En cuanto a lo esponjoso ¿Qué tiene la textura esponjosa para que nos atraiga de un modo tan irresistible? Hablábamos más arriba de las formas redondeadas y el placer. El mecanismo es el mismo. Lo suave, lo blando, es agradable. Y el ser humano está programado para disfrutar más de lo que no ofrece complicaciones. De ahí que nuestra bollería favorita sea esponjosa por dentro… después de habernos convencido de que es fresca con un crujido inicial.

Y por fin, el sabor

La ciencia, que es la que se ocupa de explicarnos por qué nos gusta lo que nos gusta, ha descubierto algunas cosas curiosas acerca del comportamiento del ser humano en relación con los sabores. Y es que parece ser que estamos programados para que no nos gusten los sabores amargos. Por el contrario, a la mayor parte de nosotros se nos activan los sensores del placer cuando probamos algo dulce. Si bien «demasiado dulce» suele ser un sabor poco popular, casi nadie hace ascos a un poco de azúcar. Pensemos en la cantidad de expresiones positivas relacionadas con el dulce. Una carita muy dulce, un sentimiento dulce, estar de dulce, actitud acaramelada… Bollería y galletas comparten este sabor y por tanto nos producen placer en cuanto las saboreamos. Por encima de gustos añadidos, como chocolate, fresa, vainilla, almendras, etc, el dulce es el denominador común de bollería y galletas.

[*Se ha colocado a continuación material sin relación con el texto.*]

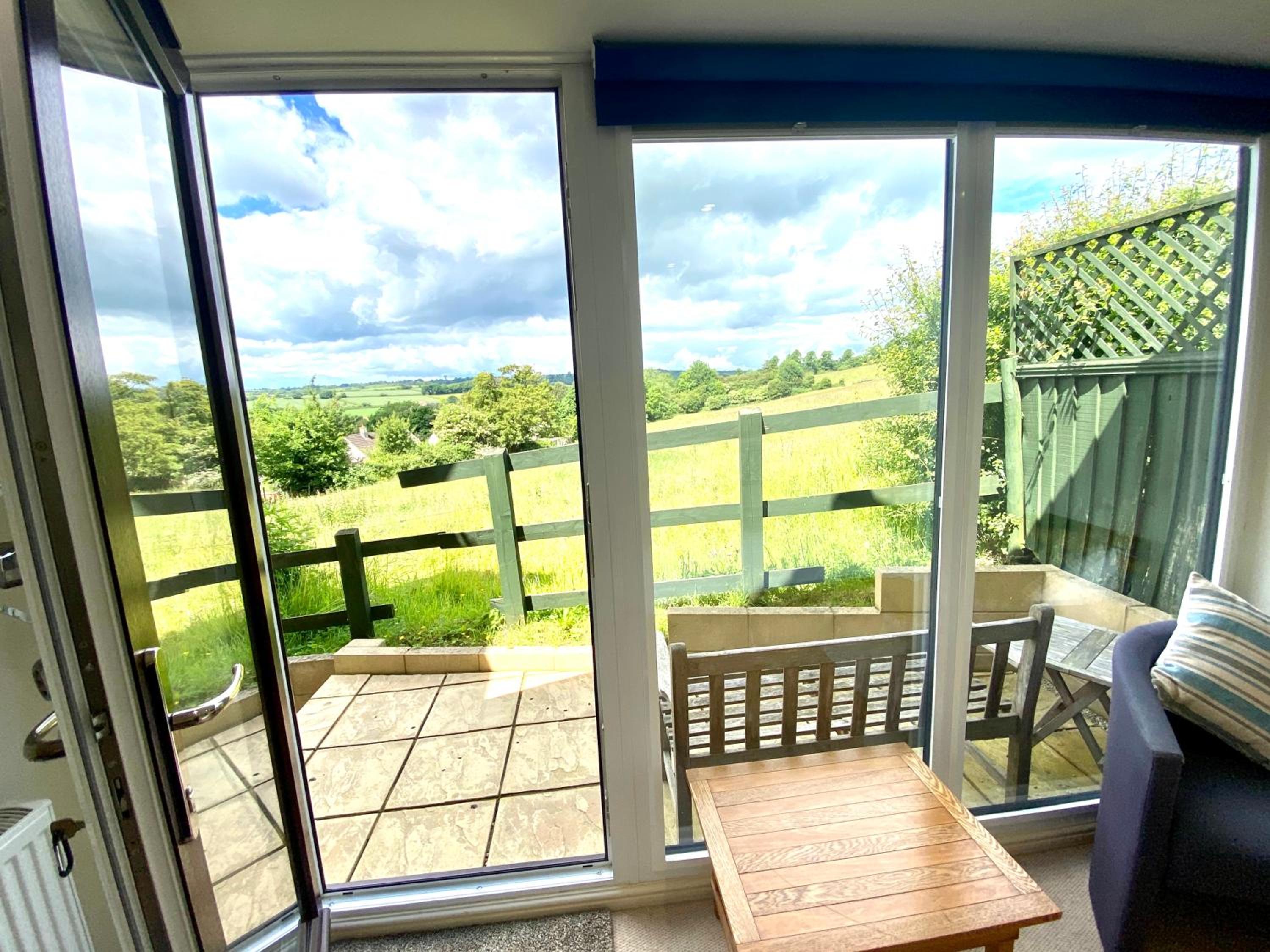 A secluded self contained Country Suite with a view - parking, easy access to Bath view 5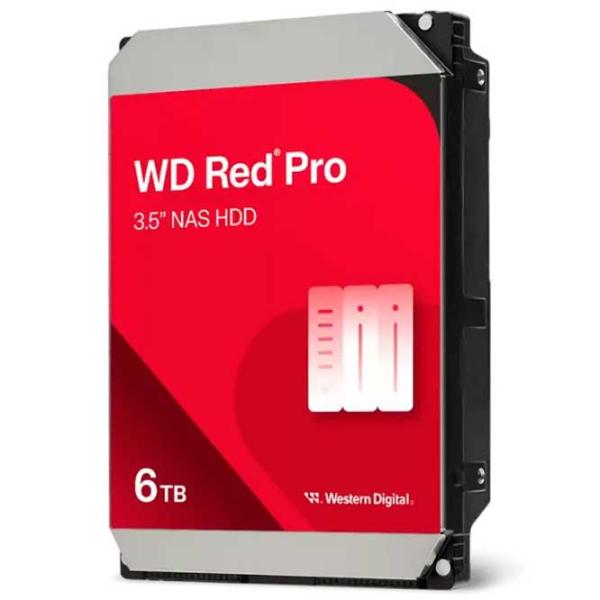 HDD Western Digital WD6005FFBX 6 ТБ  / Красный photo 2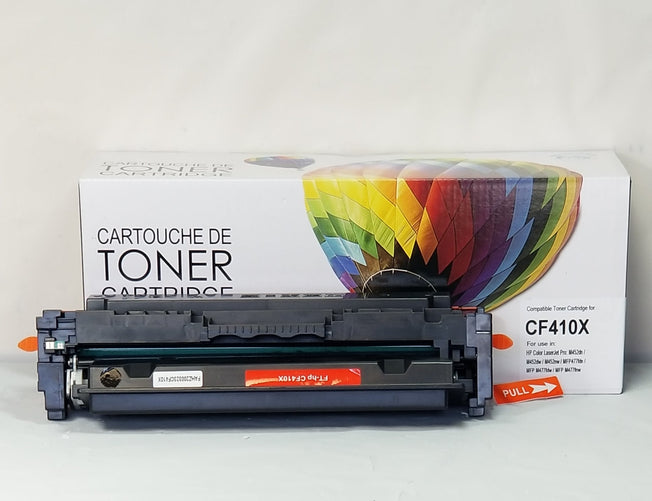 ctcf410x compatible hp #410x hy black toner for m452dn/m452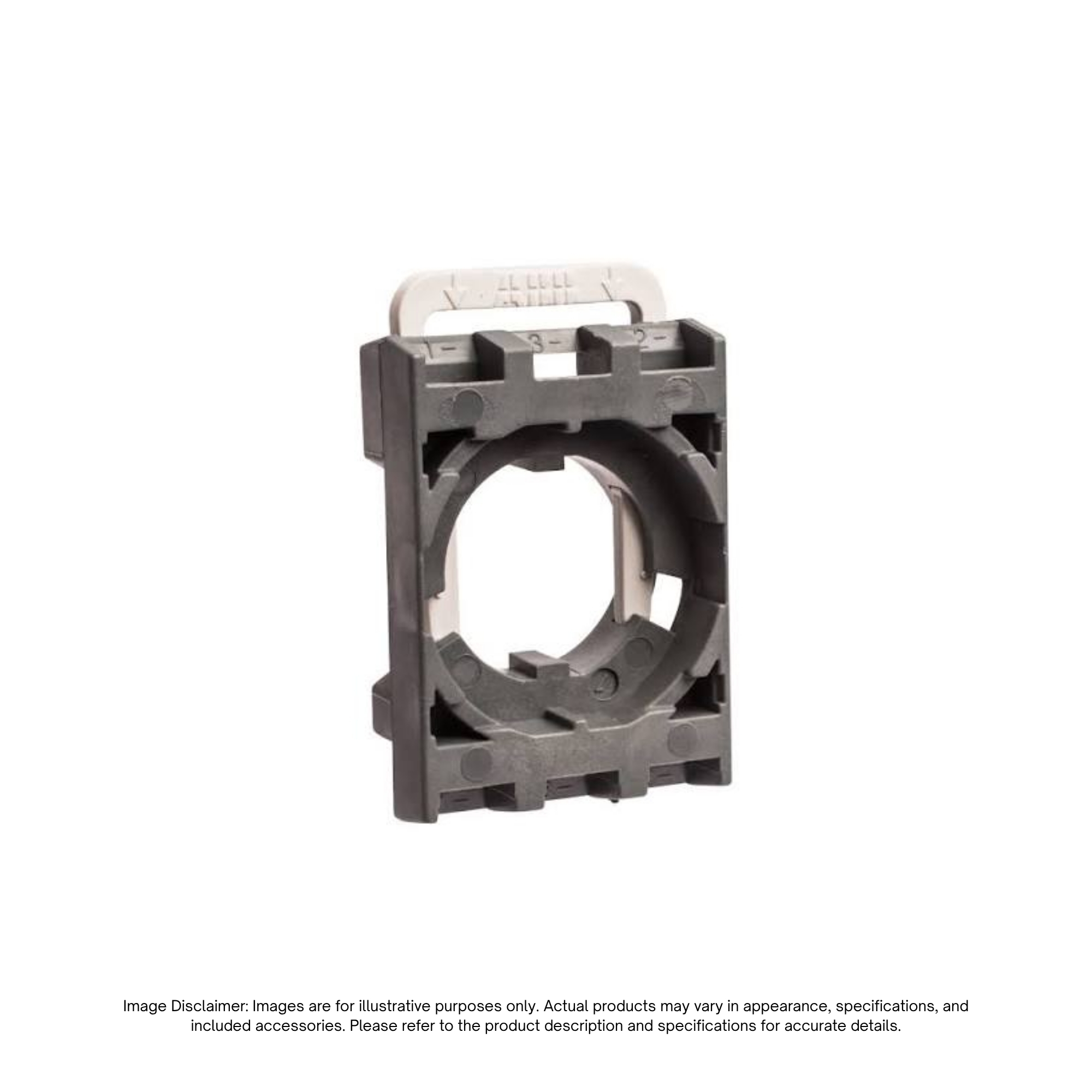 MCBH-00 - ABB | PLASTIC HOLDER FOR LIGHTS AND CONTA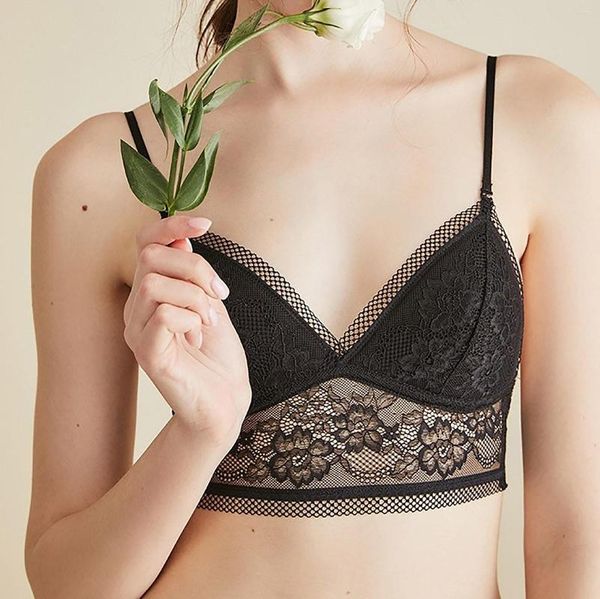 bras lace seamless women's underwear low back u shape backless no steel ring sling beautiful bra thin section, Red;black
bras lace seamless women's underwear low back u shape backless no steel ring sling beautiful bra thin section, Red;black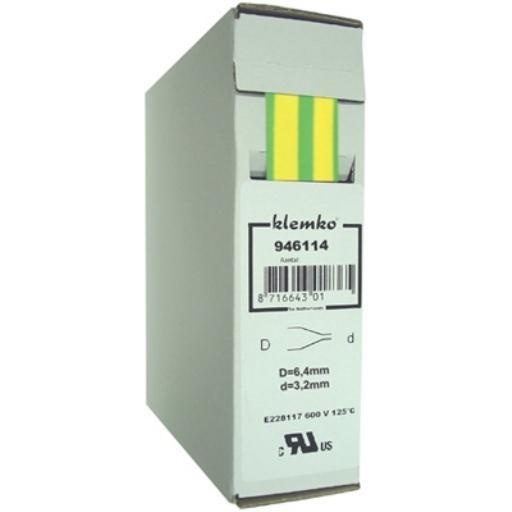 KLEMKO FP6TB-GG-6.4 KRIMPBOX 6.4/3.2 GG 1=12MTR afbeelding 2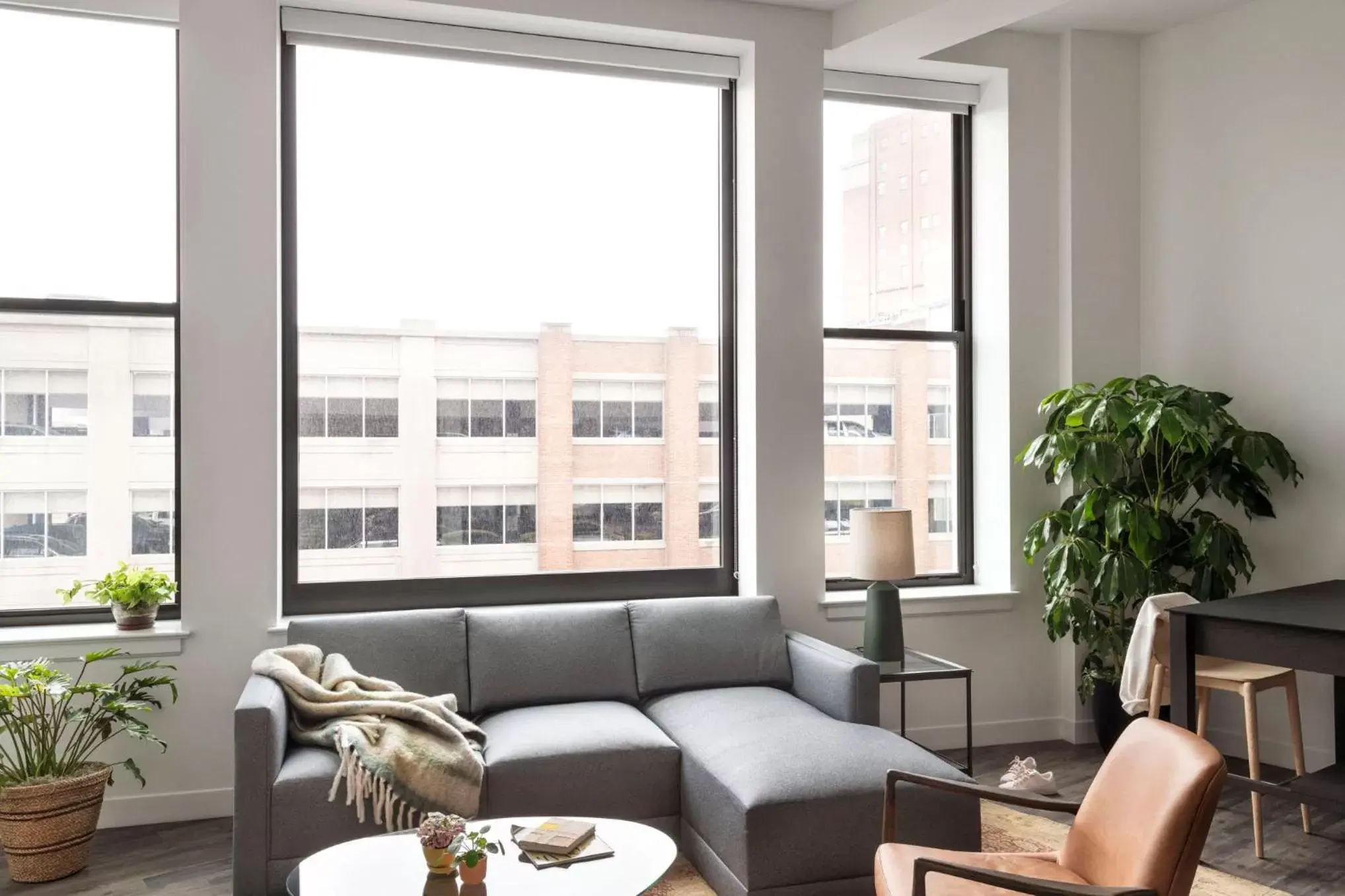 Living room, Seating Area in ROOST Cleveland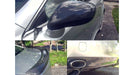 Avery Dennison High Gloss Printed Carbon Fiber wrapped bumper by Lux Wraps. 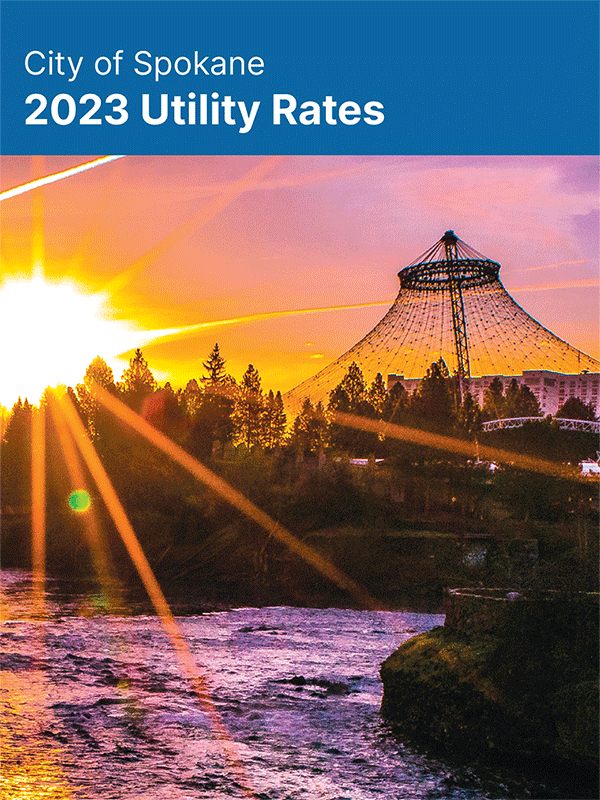Utility Billing Rates City of Spokane, Washington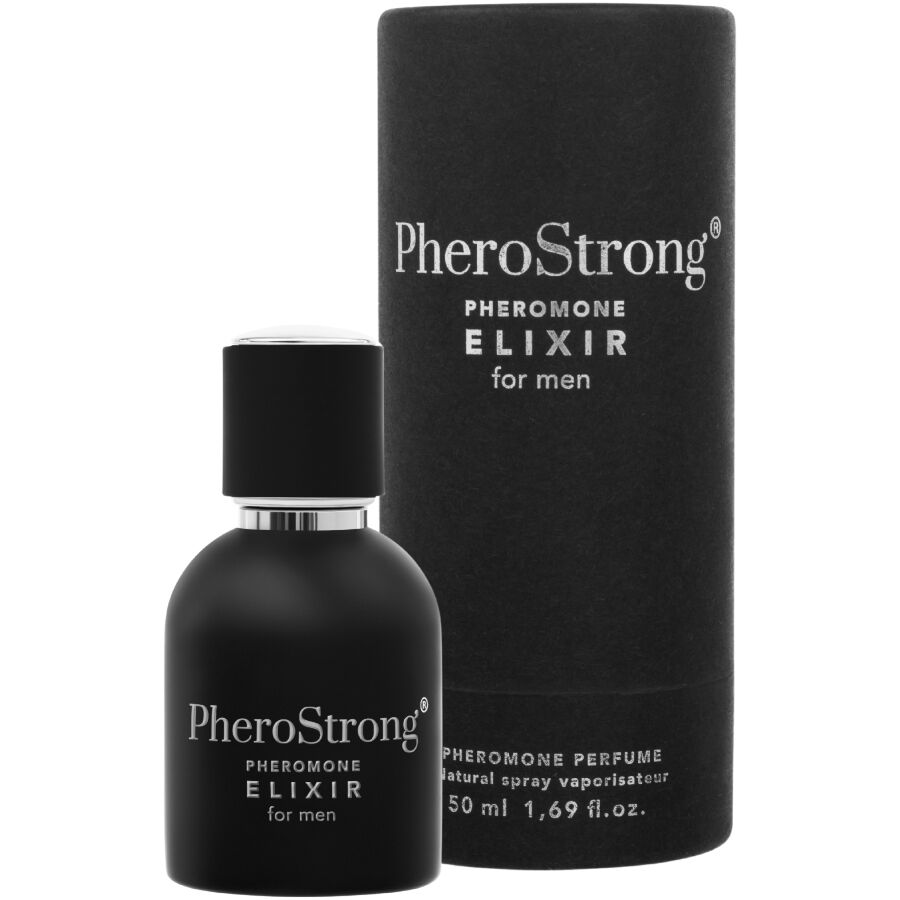 PHEROSTRONG - PHEROMONE ELIXIR FOR MEN 50 ML - My naughty haven #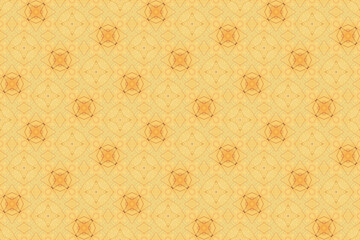 Geometric seamless textile pattern 3d illustrated
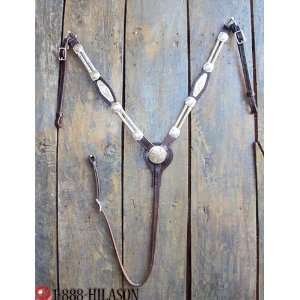   Tack New Western Parade Show Silver Breast Collar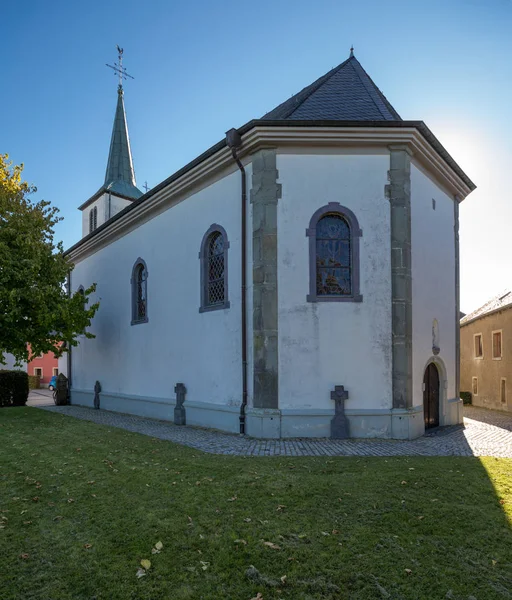 Vacker Utsikt Över Gamla Kyrkan — Stockfoto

Vemos por tanto como bollería y galletas son del gusto de la mayor parte de las personas porque atacan a todos nuestros sentidos: colores cálidos y agradables se nos meten por los ojos. Sonidos que apelan a conceptos como la frescura engañan (o no) a nuestros oídos. Los aromas nos transportan a momentos que recordamos con cariño. Y el sabor, por fin, condensa todo lo anterior al estallar en ecos de dulzor que despiertan a nuestros receptores del placer. La mejor bollería, por tanto, será aquella capaz de apelar a todos nuestros sentidos.